§ Exercise instructions
Pictures stay out of the copy. Retype exactly the lines below from the one with "Crazy Horse Leather" through the one with "DJI Mavic 3".

*** Given records ***

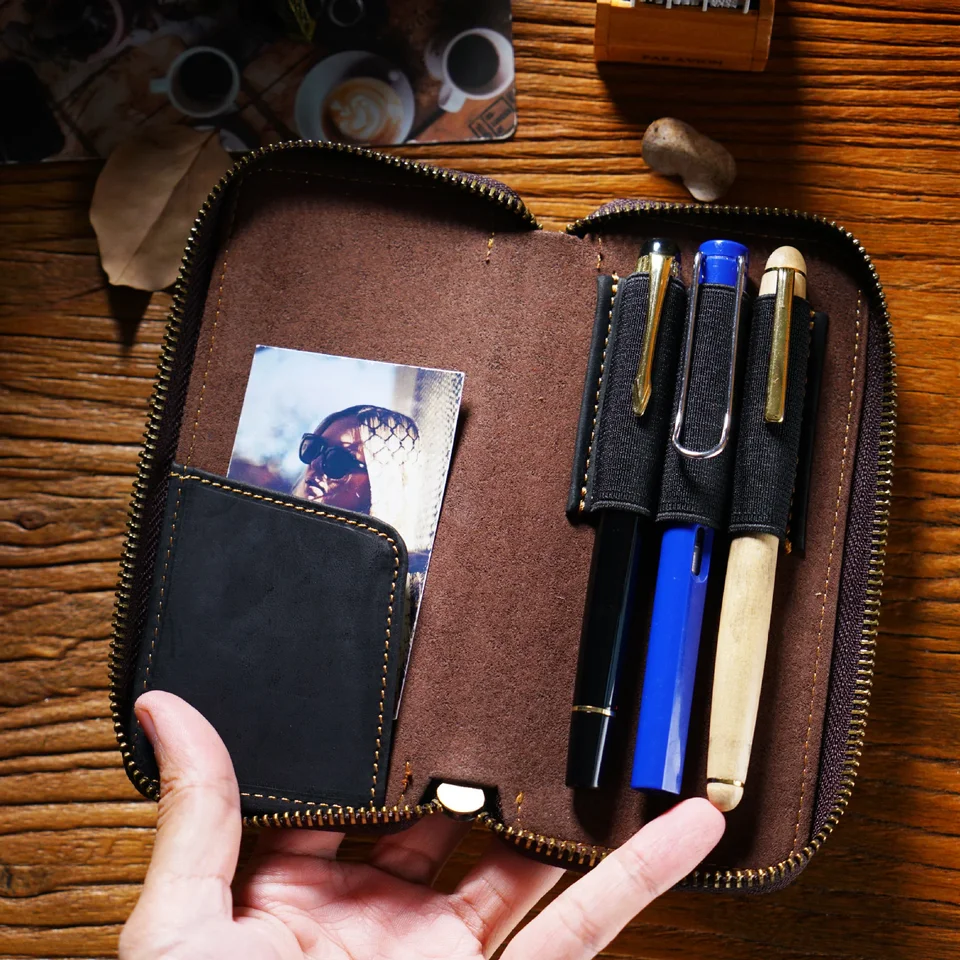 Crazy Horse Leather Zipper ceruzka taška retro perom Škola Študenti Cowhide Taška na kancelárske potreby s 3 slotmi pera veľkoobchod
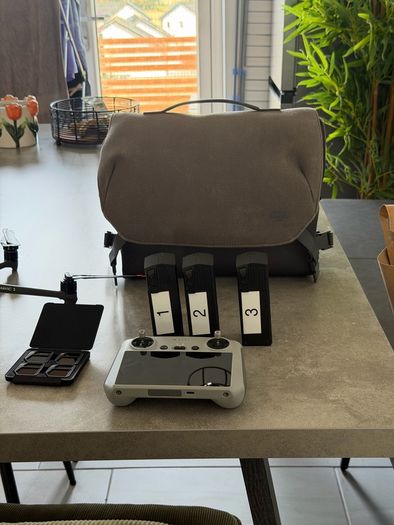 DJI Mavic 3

***
*** Given records ***

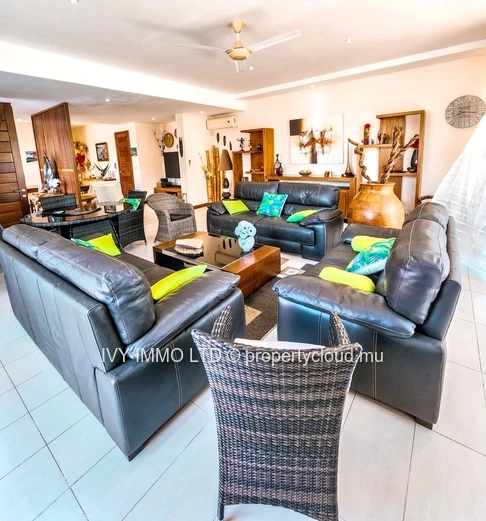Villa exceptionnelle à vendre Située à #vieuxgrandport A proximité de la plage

***

§ Exercise output
 Crazy Horse Leather Zipper ceruzka taška retro perom Škola Študenti Cowhide Taška na kancelárske potreby s 3 slotmi pera veľkoobchod
 DJI Mavic 3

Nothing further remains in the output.